フリースローが苦手なシャックがフリースローを決め、 残り9.3秒、ゲイリー・ペイトンが右45度からこの日、唯一の値千金の勝ち越しジャンパーをヒット。

その後、ノビツキーが残り3.4秒で2本決めれば同点となったフリースローを1本ミスして勝負は決した。

奇跡的な逆転勝利である。

パット・ライリーHCは「うちはぬかるみに足をとられて全く動けなくなっていた。そんな状況のなか、ウェイドが疲労もケガも乗り越え、1人でチームを引っ張ってくれた。 後は単純に彼にすべてを任せた。次から次へとシュートを決めてくれたよ」とヒーローを称える。

シリーズの流れを変えたウェイドは42得点、13リバウンドと爆発。

若きエースは「このシリーズ中、今日は一番体調がよかった。声も(鼻声でなく)きちん出ているでしょう」と笑顔を見せている。

勢いに乗ったヒートはそのまま4連勝を飾り、6戦でマブスを下し、球団初優勝。

0勝2敗からのリーグ制覇は69年のセルティックス、77年のブレイザーズに次ぐ、史上3例目の快挙でファイナルMVPには平均34.7点を叩き出したウェイドが選ばれた。

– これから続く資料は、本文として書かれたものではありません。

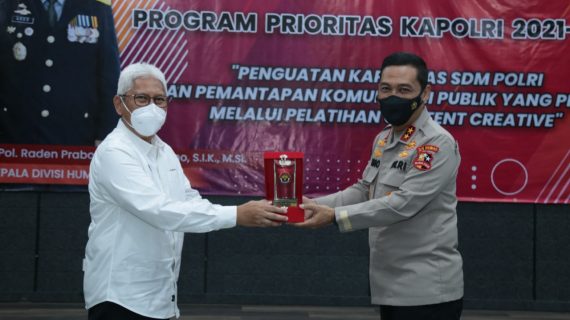 Jalankan 100 Hari Program Prioritas Jenderal Listyo Sigit, Humas Polri Gelar Pelatihan Konten Kreatif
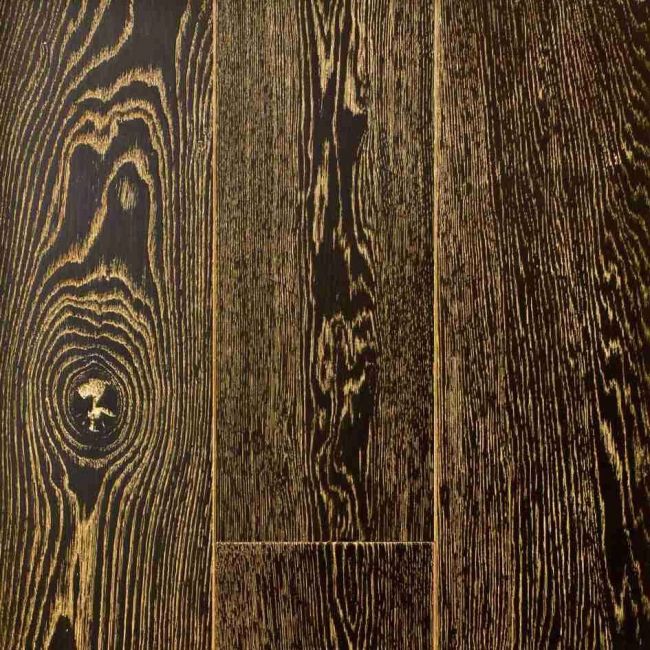 Инженерная доска Винтаж 1 Дуб Лак УФ Черное Золото (16-004-00028)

マブスのエイブリー・ジョンソンHCは4連敗に表情が青ざめていた。

だが、ウェイドについては彼も称えるしかなかった。

「ドゥエインのプレーは教えられるものではない。ダブルチームを抜け出し、トリプルチームを破り、何よりも彼のプレーヤーとして上を目指す意志の強さが印象的だった」と舌をまいた。

追伸、マブスには油断があったかもしれない。

マブスはマイアミのダウンタウンの高級ホテルに滞在していたのだが、一部の選手が試合の前日、朝方まで遊び歩いていて、ジョンソンHCに見つかった。

コーチは怒って、急遽ホテルを郊外のフォ ートローダーデールに移している。